E esta semana, ao assistir online a peça O astronauta, escrita por Eduardo Nunes e dirigida por José Luiz Jr., eu parei para pensar também naqueles que escolheram como vida profissional uma vida solitária.
Em O astronauta o ator Eriberto Leão vive o protagonista que é escolhido para realizar uma viagem espacial rumo à Marte. Mas não uma viagem espacial como aquela que Neil Armstrong fez rumo à lua 50 anos atrás. O mundo mudou muito desde então e tudo agora é sinônimo de show business. A transmissão dessa viagem ímpar é transformada numa peça de marketing por um serviço de streaming, e almeja a audiência de milhões de pessoas ao redor do mundo.
E a princípio tudo vai bem. O astronauta se comunica através de um sistema de vídeo com seus entes queridos, a namorada (Natascha Falcão) e o pai (Jaime Leibovitch), bem como o comandante da missão (Zé Carlos Machado). E a única pessoa que convive diretamente com ele 24 horas por dia é o sistema operacional da nave, Hall (Voz de Luana Martau), inspirado no vilão Hal-9000 do antológico filme de Stanley Kubrick, 2001: uma odisseia no espaço. Durante a missão ele se exercita, houve música, se alimenta e aguarda ansioso a chegada ao planeta vermelho.

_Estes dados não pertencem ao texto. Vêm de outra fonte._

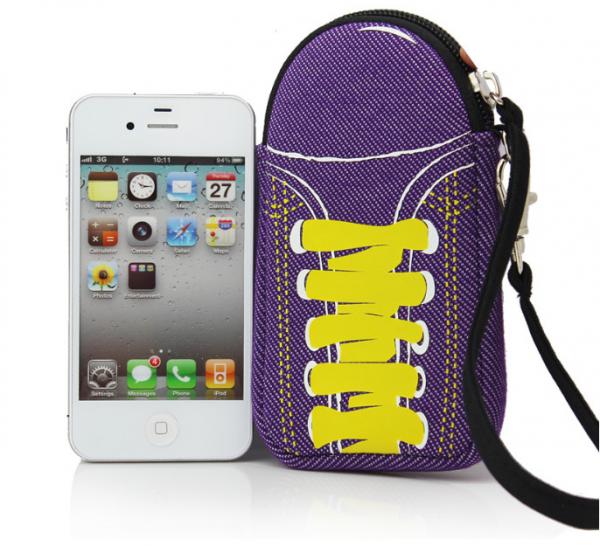 special shoes design soft mobile neoprene phone pouch bag with wrist strap to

Porém, como eu bem disse antes, trata-se de uma vida solitária e com o passar dos dias, semanas, meses, a rotina estressante e vazia vai ditando o tom do discurso e da personalidade deste astronauta. Surgem as primeiras lembranças do passado, a morte da mãe, o sonho de rodar o espaço sideral desde criança, o que teve de abrir mão para realizar esse sonho, etc. O desinteresse do público por continuar acompanhando a missão se perde, o contato com o planeta terra torna-se cada vez mais distante, até que simplesmente deixa de existir, e a esse homem cheio de dúvidas e rancores só sobra o niilismo.

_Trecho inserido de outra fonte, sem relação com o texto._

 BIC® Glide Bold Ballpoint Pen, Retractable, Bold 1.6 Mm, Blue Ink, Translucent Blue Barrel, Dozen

E fica então a pergunta aos espectadores: como lidar com uma experiência de isolamento tão extremo? Eu, honestamente, não saberia responder a tal questão de forma precisa (e olha que eu adoro os meus momentos de solidão para escrever, hein!).
Como contraponto a modorra vivida pelo protagonista cabe um elogio à produção que realizou um trabalho interessantíssimo no palco do Teatro Firjan, no Sesi Centro (onde a peça foi gravada). As inserções digitais e videografismos, obra da dupla de irmãos Rico e Renato Vilarouca e de Luciana Damato, compõem bem o cenário sci-fi que o espetáculo pede. E para completar o clima inebriante cabe aqui também um elogio meu à Ricco Viana, responsável pela direção musical.
Passados 80 minutos de exibição - que não me deixaram entediados em nenhum momento; pelo contrário - chego à conclusão de que os criadores da peça me apresentaram uma espécie de mal-estar da civilização (Obrigado, Freud, pela referência!) versão século XXI. Eles unem os excessos da tecnologia, muitas vezes a serviço do que existe de mais artificial ou medíocre, à cultura da vaidade vigente no mundo contemporâneo e nos entregam um ser humano esfacelado, perdido, procurando por respostas que a priori parecem não existir.
Em outras palavras: o homem, ao longo da história mundial, foi do homo erectus ao homo sapiens e agora se depara de forma feroz com sua versão homo solitarius. E acreditem: ele nunca esteve tão sozinho como nesse novo século que mal completou duas décadas e ainda tem muito a mostrar.
E o pior de tudo: às vezes não parece sequer interessado em procurar um novo caminho, tão acostumado que está ao desalento e à sensação de nonsense que paira no mundo...
P.S: você, que adora ler livros de auto ajuda, é positivista em demasia e não consegue encarar a realidade de frente, aviso de antemão: essa peça NÃO é para você. Caso contrário, recomendo a montagem. Achei a cara desse momento turbulento que nós estamos vivendo.